Band: Ravens Creed
Album: Ravens Krieg
Label: Xtreem Music
War is hell, as well all know, which makes it a ripe topic for quality death metal. While many bands aim for the Satanic or evil vibe, many bands also try to go for the grim realism of a world torn apart by combat. On their third release Ravens Krieg, Ravens Creed are clearly going for something akin to this. Released by Xtreem Music, it consists mostly of songs less than three minutes long that are filled to the brim with percussive, powerful death metal.
The best way to describe the atmosphere of Ravens Krieg would be that of artillery fire. The combination of the guitar tone and the barked vocals give the feeling of military rigor, adding to rigidity and crushing nature of this music. Many songs invoke a feeling of marching, whether to victory or death. This is particularly invoked by the track “Victory in Defeat” which acts as a break after five high tempo tracks. The slow moving, crushing riffs ring true of Asphyx, acting as a swirling mixture of looming attack and post-battle fatigue.

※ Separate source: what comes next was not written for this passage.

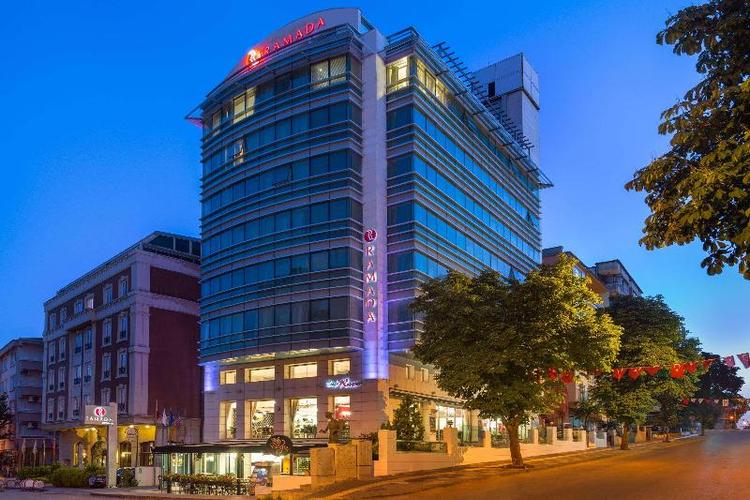 Ramada Ankara Hotel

It should be noted that “Victory in Defeat” and the final track “Carrion Screaming” are the only songs greater than three minutes long. This gives the whole album a very hard and fast feel—tracks are over quickly, as in a punk album. However, I would not describe Ravens Krieg as a punk album in the slightest—it is pure metal, and this works to its advantage. While the songs are short, the vast majority of them feel “complete.” Never did I feel as if a song had wasted potential, or that I wished to hear more. This is a testament to Ravens Creed’s writing abilities—they clearly have a vision and they are willing to promote it, and they know how long and hard to go.
I do feel the need to comment on “Carrion Screaming” as a final track, as it breaks the thirteen-minute threshold. This is in sharp contrast to the rest of the album which is punctuated by short pieces that ring true of short ideas that are meant to be communicated quickly. “Carrion Screaming” ends the album and instead seems like a lengthy outro. It’s not even a bad song—very listenable and hardly any filler—but it makes for a full listen of the album very odd. It’s hard to make this out to be some sort of shortcoming, but it did seem like something that prevents the album from being a back-to-back listen like the best albums are.
In that, the trudging sound of pounding riffs can often risk sounding repetitive. Ravens Krieg certainly can fall into this trap, but the cure for that is solid, memorable riffs that bury their way into the listener’s temple. “Rock Cemetery,” “Jungle Justice,” “Go Home,” and “Dirty Diary” all come out strong and make worthwhile single listens. Repetition is easily mitigated due to the structure of the album and of course the songwriting potential Ravens Creed clearly has.
Ravens Creed makes for an incredible listen and is extremely powerful in both its songwriting and its atmosphere. If I ever find myself on the right side of a Howitzer, Ravens Krieg would likely be a part of my playlist.